_EXTRACTED MATERIAL_:
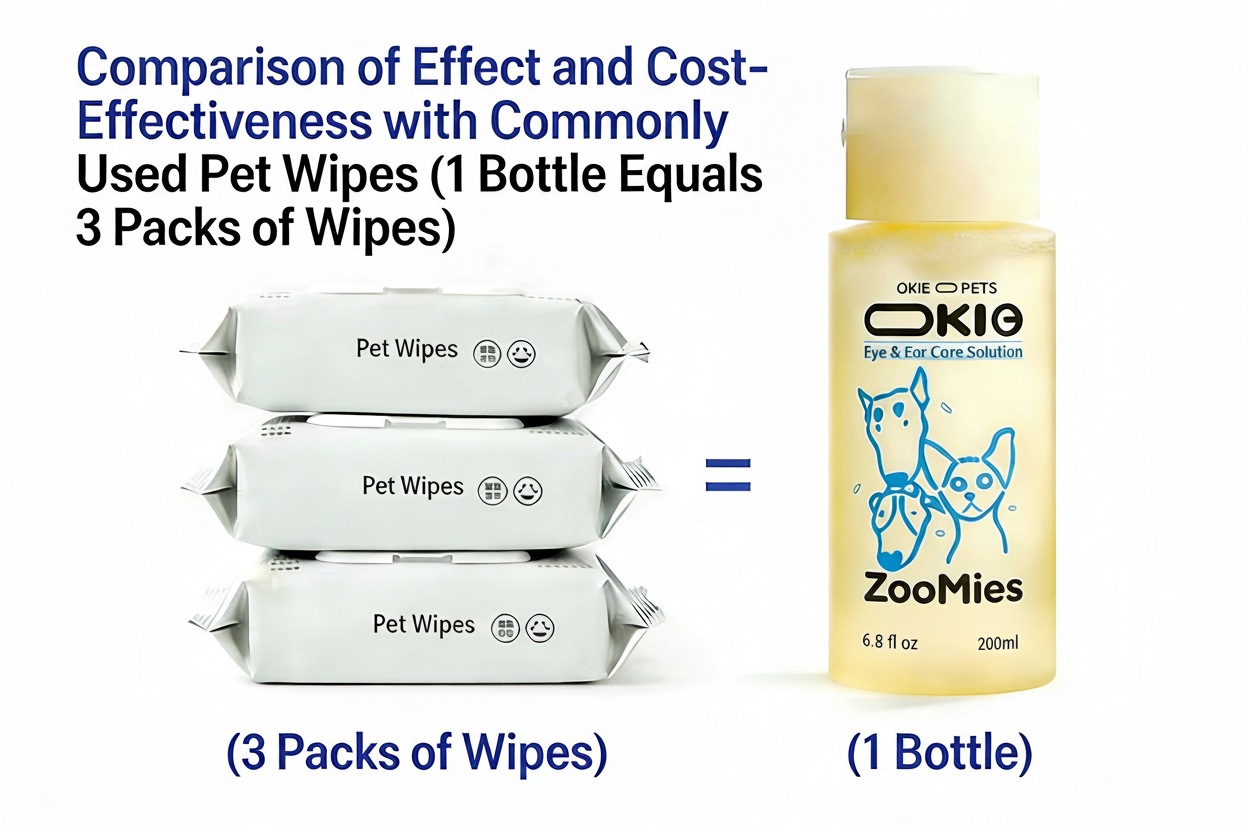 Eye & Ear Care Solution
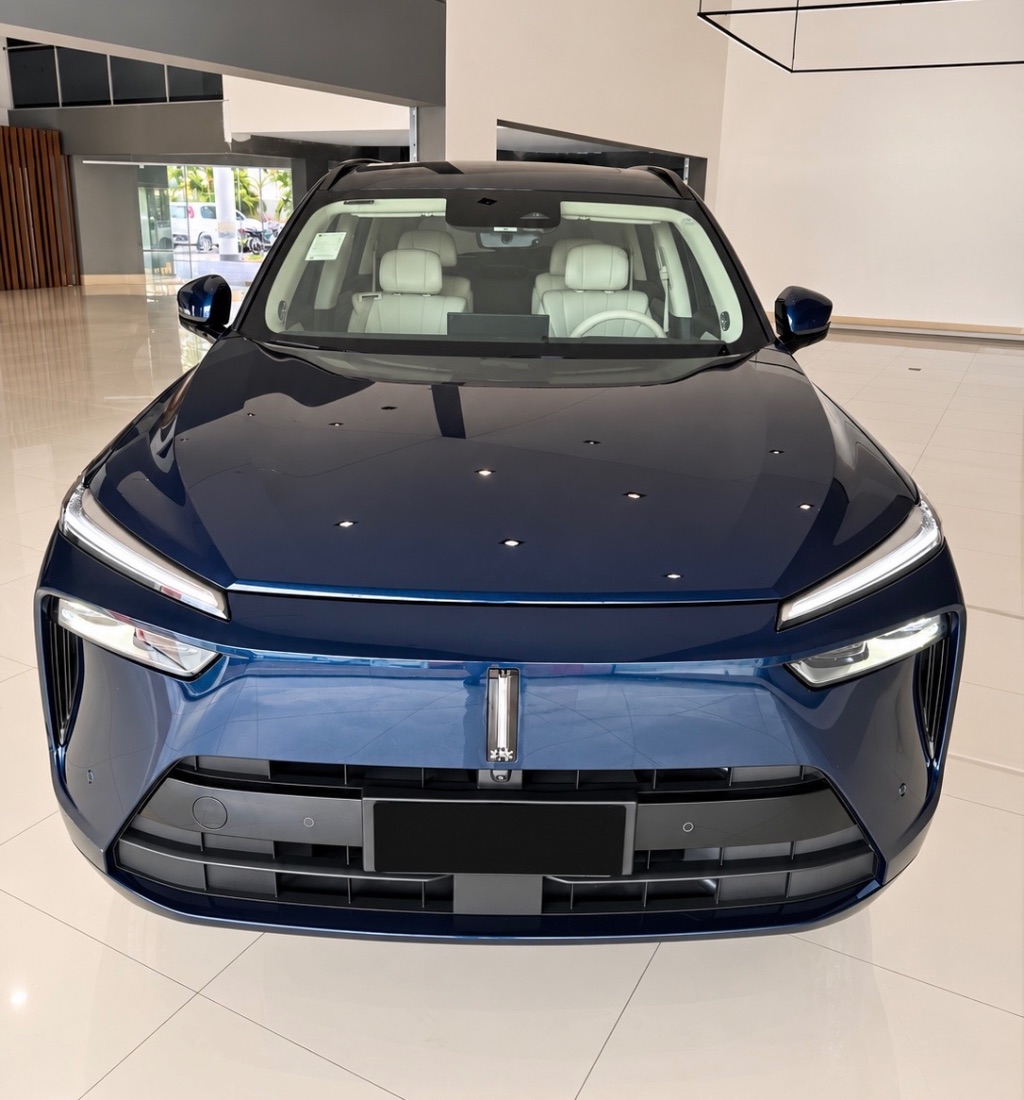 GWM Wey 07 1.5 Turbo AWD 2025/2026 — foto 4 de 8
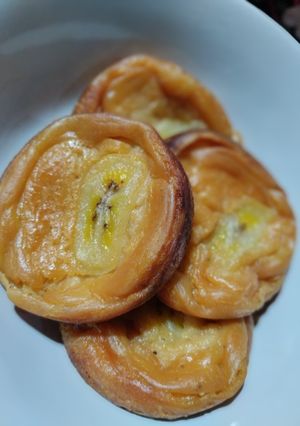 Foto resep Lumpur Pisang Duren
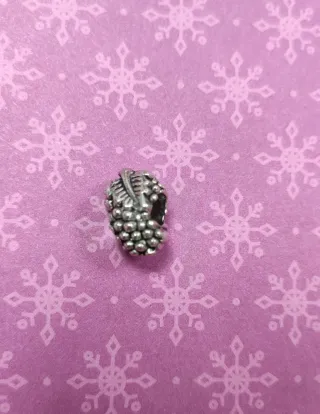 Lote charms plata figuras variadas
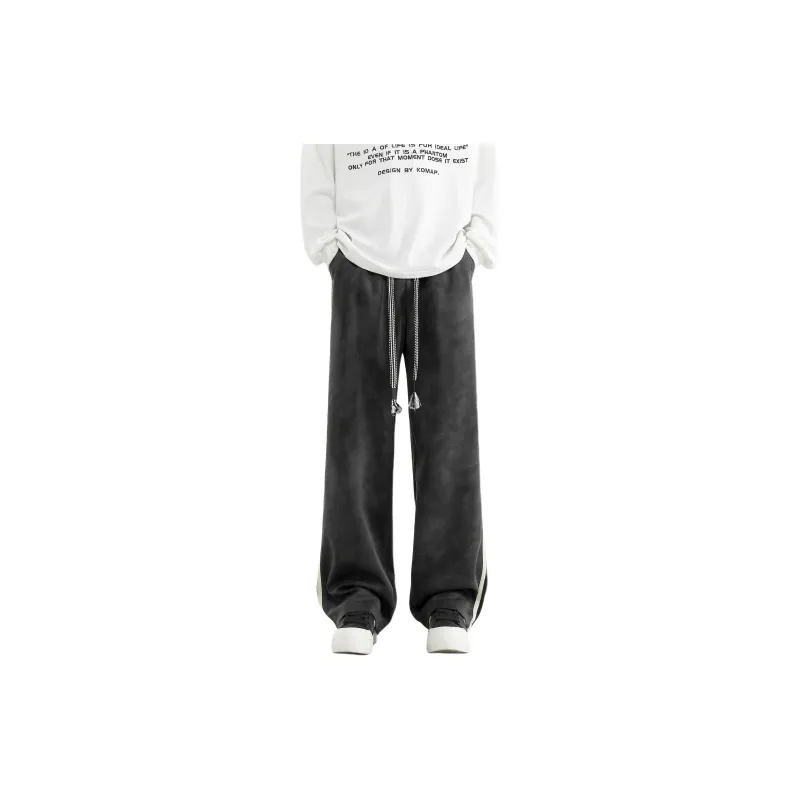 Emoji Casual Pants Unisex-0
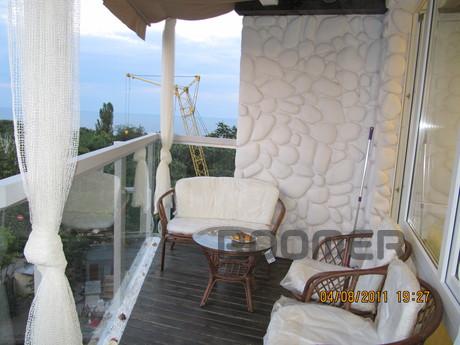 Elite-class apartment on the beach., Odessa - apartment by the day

==

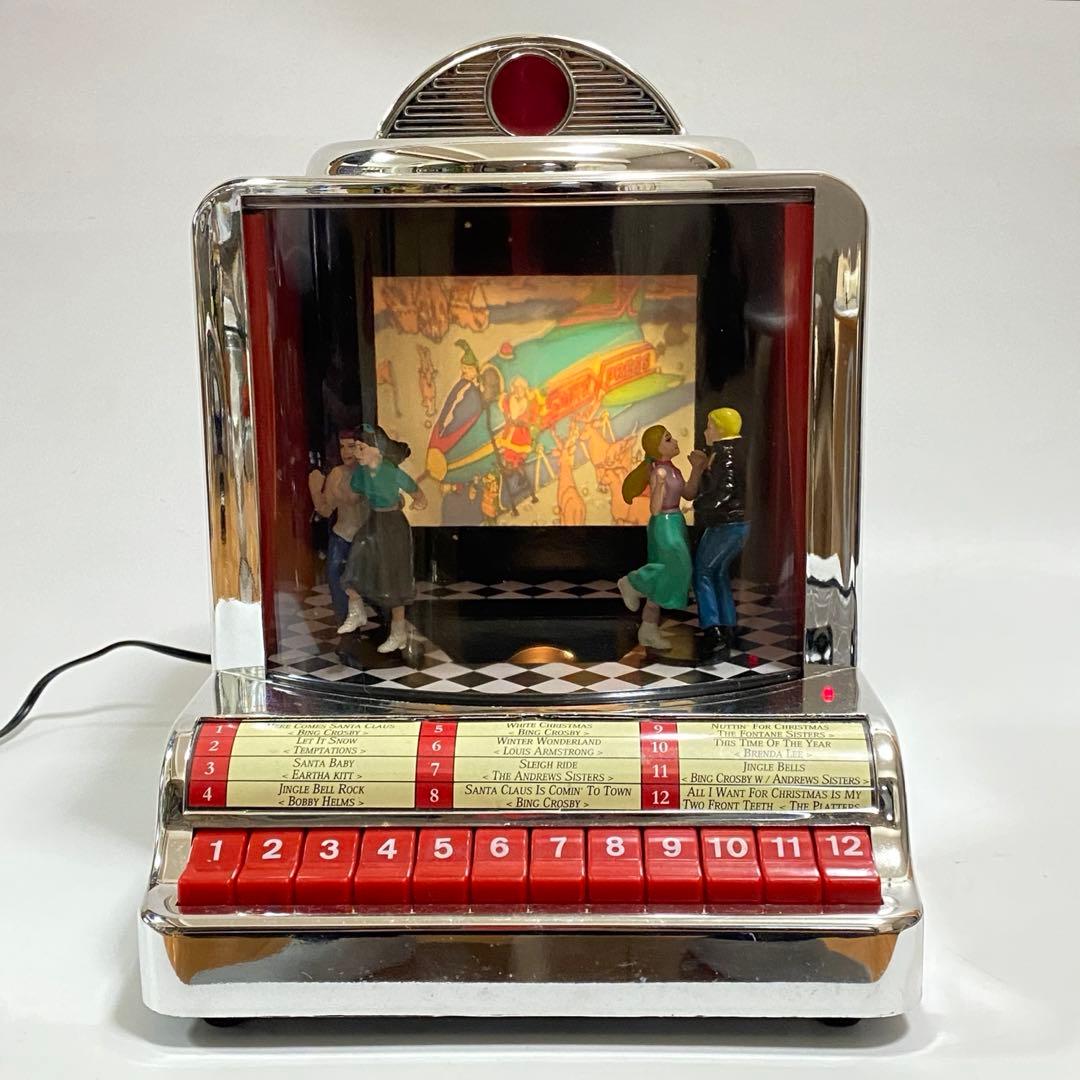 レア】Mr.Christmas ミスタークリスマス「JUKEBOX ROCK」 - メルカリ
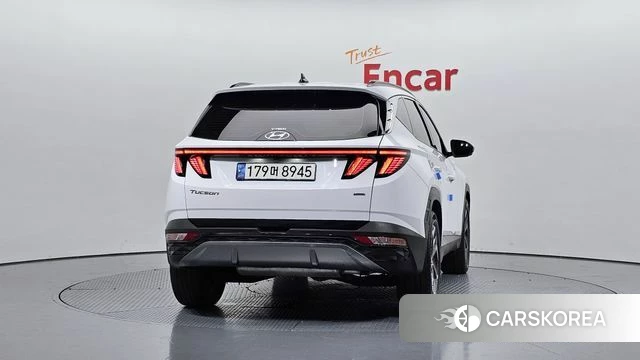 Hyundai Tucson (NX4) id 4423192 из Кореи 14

...

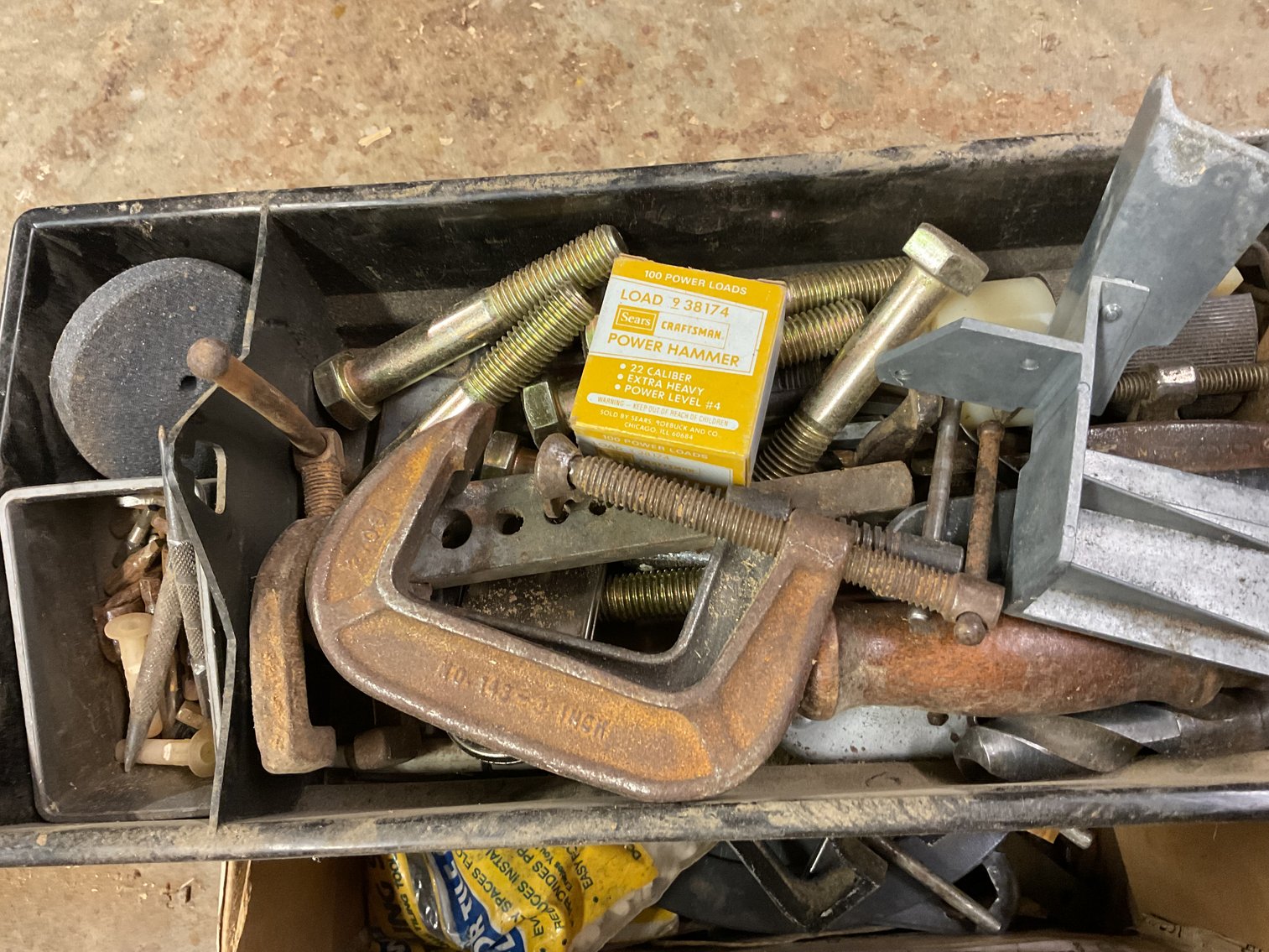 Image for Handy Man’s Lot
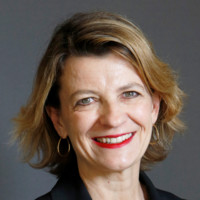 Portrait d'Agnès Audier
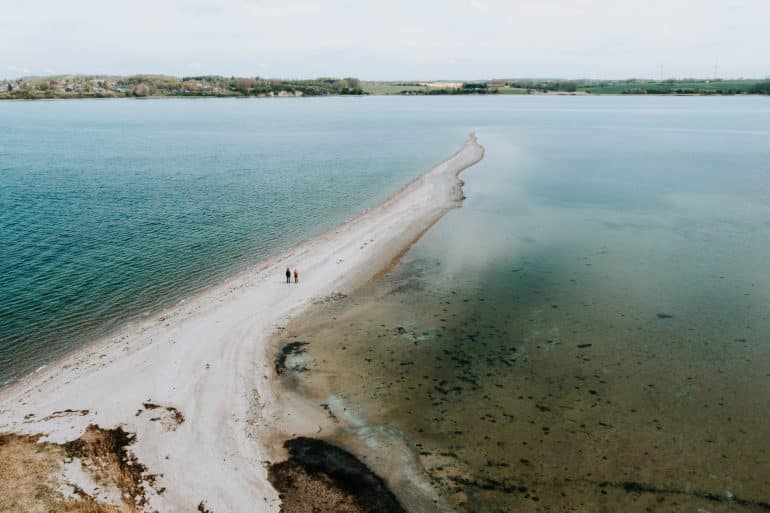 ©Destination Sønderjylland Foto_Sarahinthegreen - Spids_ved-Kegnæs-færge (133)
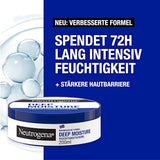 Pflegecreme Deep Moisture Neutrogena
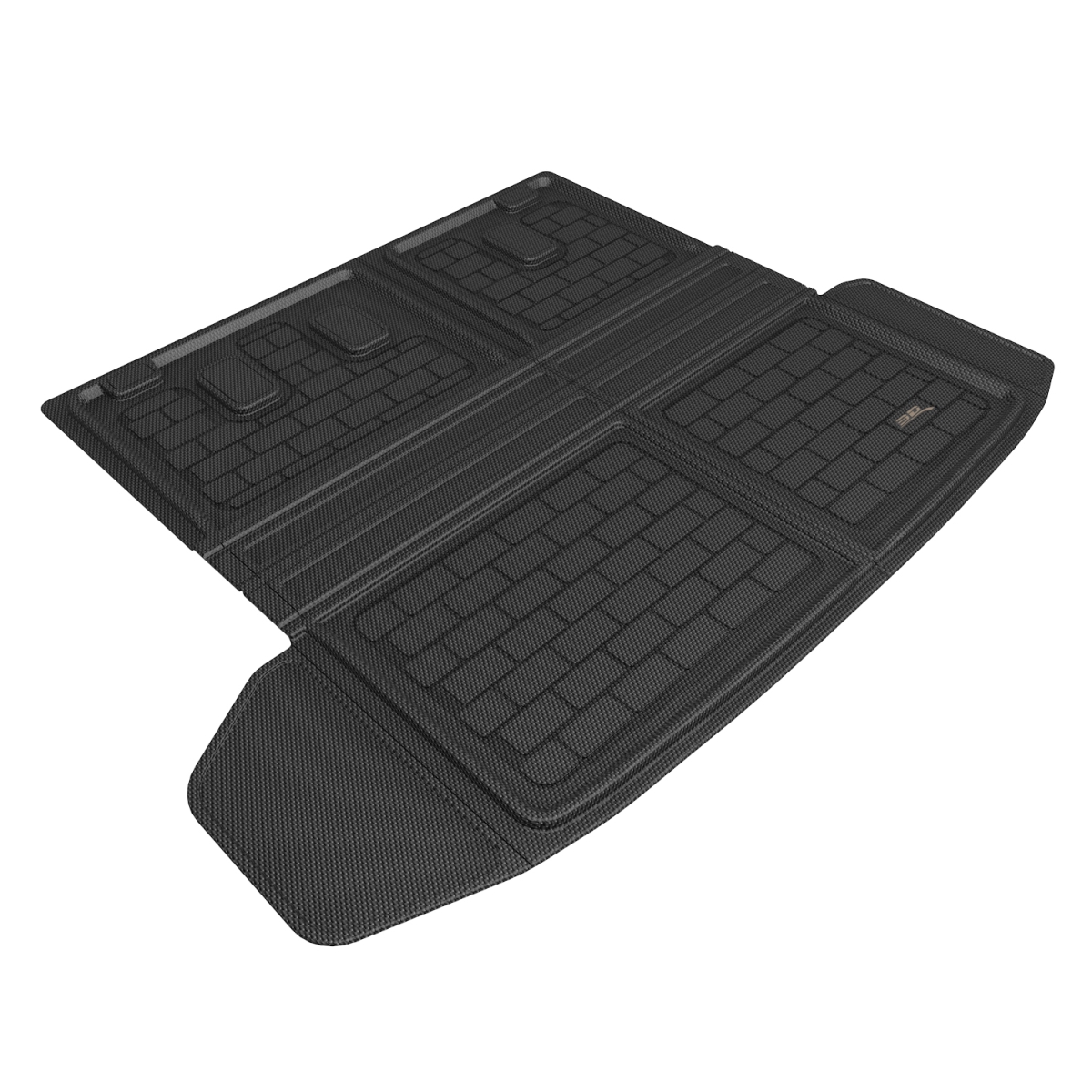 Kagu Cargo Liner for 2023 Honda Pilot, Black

_EXERCISE REQUIREMENTS_: Print an exact copy of the lines above, from the one containing "Emoji Casual Pants Unisex-0" through the one containing "Elite-class apartment on", and leave out the pictures.

_RESPONSE TO THIS EXERCISE_:
 Emoji Casual Pants Unisex-0
 Elite-class apartment on the beach., Odessa - apartment by the day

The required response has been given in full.